Back here at home, despite the delayed passing of the 2019 budget, there is no government shutdown.

By operation of law, the budget is rolled over from 2018, under the provisions of the Constitution. Instead, for more than a week now since the start of the year, the Philippine government has been operating on what is called a “reenacted budget.”

Since November, however, when delays in the House of Representatives raised the possibility of such a scenario, there have been numerous discussions on and analyses of how the situation will affect us.

In a nutshell, while we are operating on a reenacted budget, there won’t be anything new – no new projects, no expansion of programs and services, no new salary levels, etc. These pose very serious effects on the national economy.

For one – and, perhaps, the most serious implication – it weakens government spending that contributes to the national income.

Using the reenacted budget, the level of state spending follows that of 2018, foregoing the spending targets that would have supported our 2019 macroeconomic aspirations. Even assuming that the 2019 budget will get passed sometime in the first quarter of the year – by February, as some senators predict – the serious damage would have been done already, as the government will have less than a year to use these funds.

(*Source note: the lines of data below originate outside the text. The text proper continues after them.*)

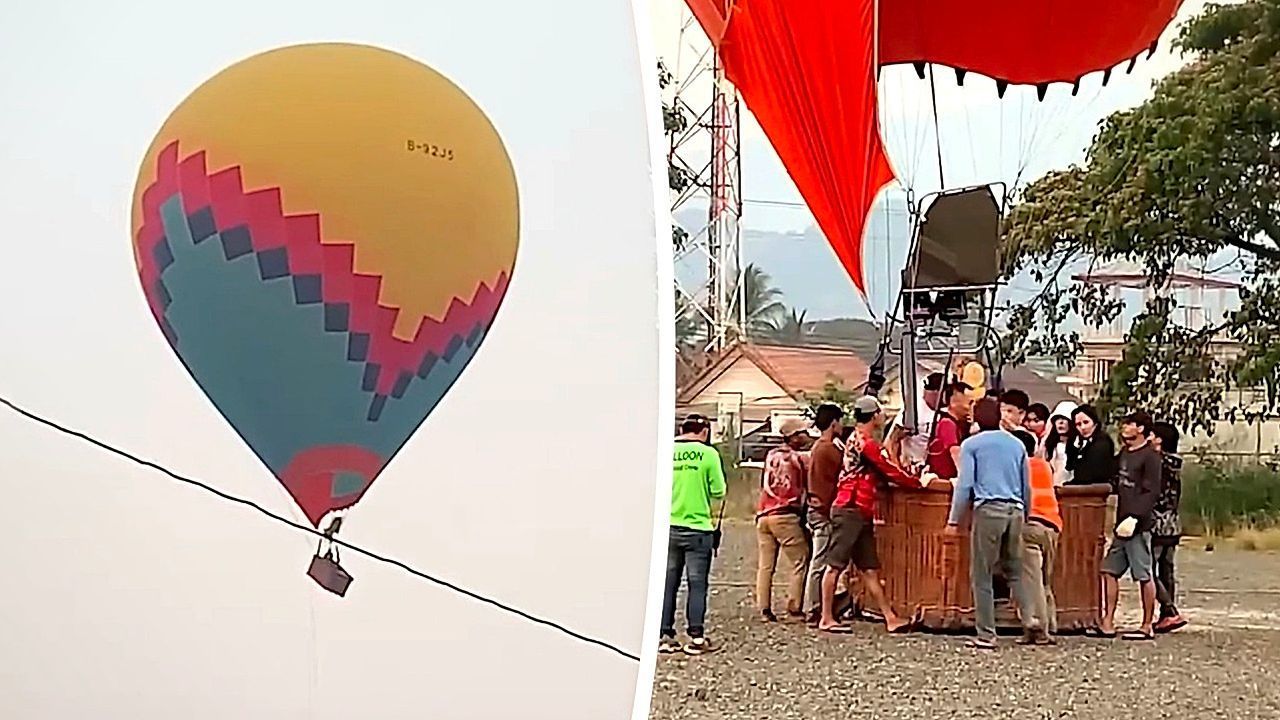 Αερόστατο πέφτει σε καλώδιο ηλεκτρικού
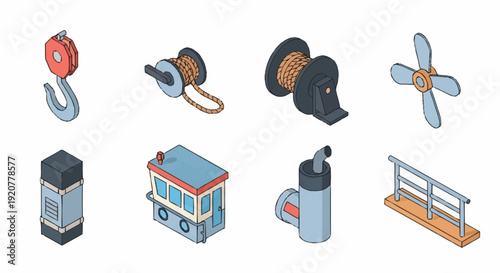Industrial Equipment and Machinery Parts Illustration.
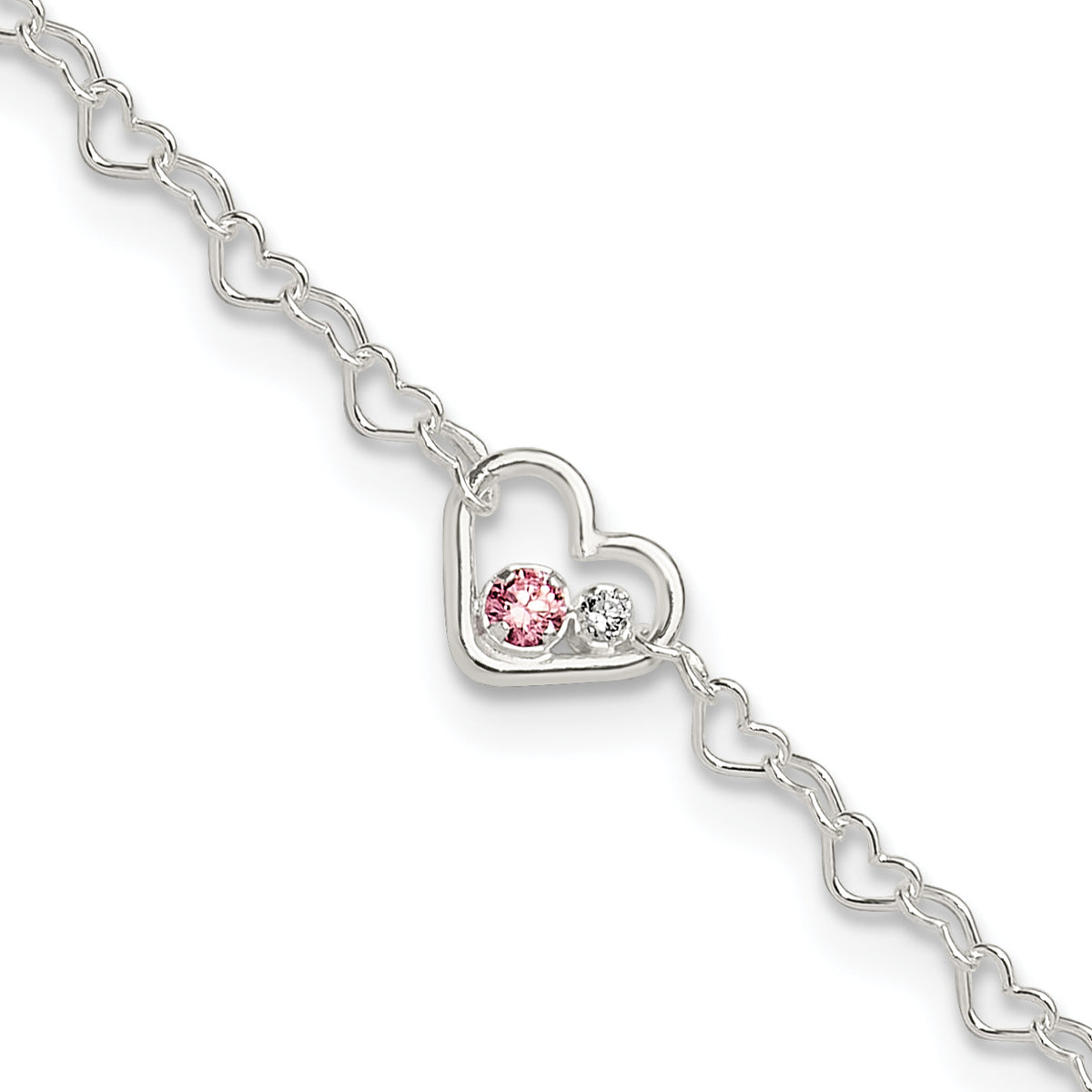 Sterling Silver Polished CZ Heart Link 9in Plus 1in ext. Anklet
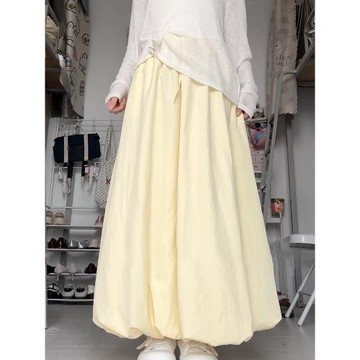 大碼胖mm法式氣質溫柔風黃色花苞半身裙女早秋高腰顯瘦a字長裙子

Making this delay even worse is the election ban on the release of public funds that begins on January 13 and ends on June 12. This wait brings the issue of the absorptive capacity to the fore. How fast, if at all, can the government agencies translate their resources into programs and projects this year?

It is thus a given that there will be delayed implementation of new projects this year, but with our bureaucratic process laden with CYA (cover your ass) steps that still needs to be played out, it is also a very distinct possibility that some of them may not be implemented anymore, significantly reducing the multiplier effect of state spending on the national income. When fewer projects are implemented, less employment happens, contributing not only to less consumer spending – and therefore less national income – but also in abetting poverty.

The possibility of a delayed and reenacted budget surfaced as early as August when the House of Representatives suspended budget hearings in opposition to cash-based budgeting. Thereafter, it has been one issue after another – from congressional “insertions,” misplaced allocations to favored contractors – that had further stalled the process.

While it is indeed a spectacle to watch democracy at work – with the principles of checks and balances and Congress’ power of the purse in the limelight, it may be good to ask at what cost are we doing all these, and, more importantly, who is bearing the cost?

As Trump and the US Congress both remain unwilling to compromise on their respective positions, the costs of their political drama rest with the federal employees who do not get their salaries, on their families who will have to survive without the salaries of their breadwinners, on the American people in general for the diminished or halted services, and on the economy for state underspending and its macroeconomic effects.

Similarly, in the Philippines, one of the faces of the budget impasse are the government employees.

While they are not placed in a furlough or asked to work without pay as their American counterparts, they have looked forward to – and probably committed – the salary increase from the fourth and final tranche of the Salary Standardization Law that would have moved them closer to more competitive – some say decent – salaries.

Worse, the state employees have become another set of unwilling pawns in this political game. Perhaps, recognizing that the salary increase of government workers has the potential of becoming a popular issue – and, thus, a leverage – the Executive has conveyed – at times, less subtly – the message that this situation has been brought about by the failure of Congress to pass the budget, effectively putting the blame on the legislators who are seen as blocking the passage of the budget.

On the other side, knowing how unforgiving people can be when it comes to withholding something that is rightfully theirs, Congress is attempting to stave off their wrath by taking a position advantageous to government employees – that the salary increase may be implemented by the government, even with a reenacted budget.

Of course, there will be those who will argue that the Filipinos are the eventual winners in this exercise for the democratic processes are present and working. After all, we fought for democracy in favor of the one-man rule and its more efficient decision-making process where no questions may be asked.

Sooner or later, the handiwork of political compromise will come to bear. As if magically, everyone will eventually find Solomonic wisdom that will break the stalemate. But, after all is said and done, when the dust of political compromise has settled, like the stock market reports say, there will be gainers and losers.

And, let’s face it, the gainers will most likely be the same cast involved in this melodrama. Horse trading comes to mind, where they give a little, take a little; and in some cases, give a little, take a lot. In the end, they all get something out of it – legitimately or not.

The biggest loser, in my mind, would be the economy. And, when the economy falters, the Filipino people suffer too. Without much opportunity to participate except to witness the saga, our economic fate has, sadly, been relegated to the role of being a hostage to the maneuvering and bickering of a few.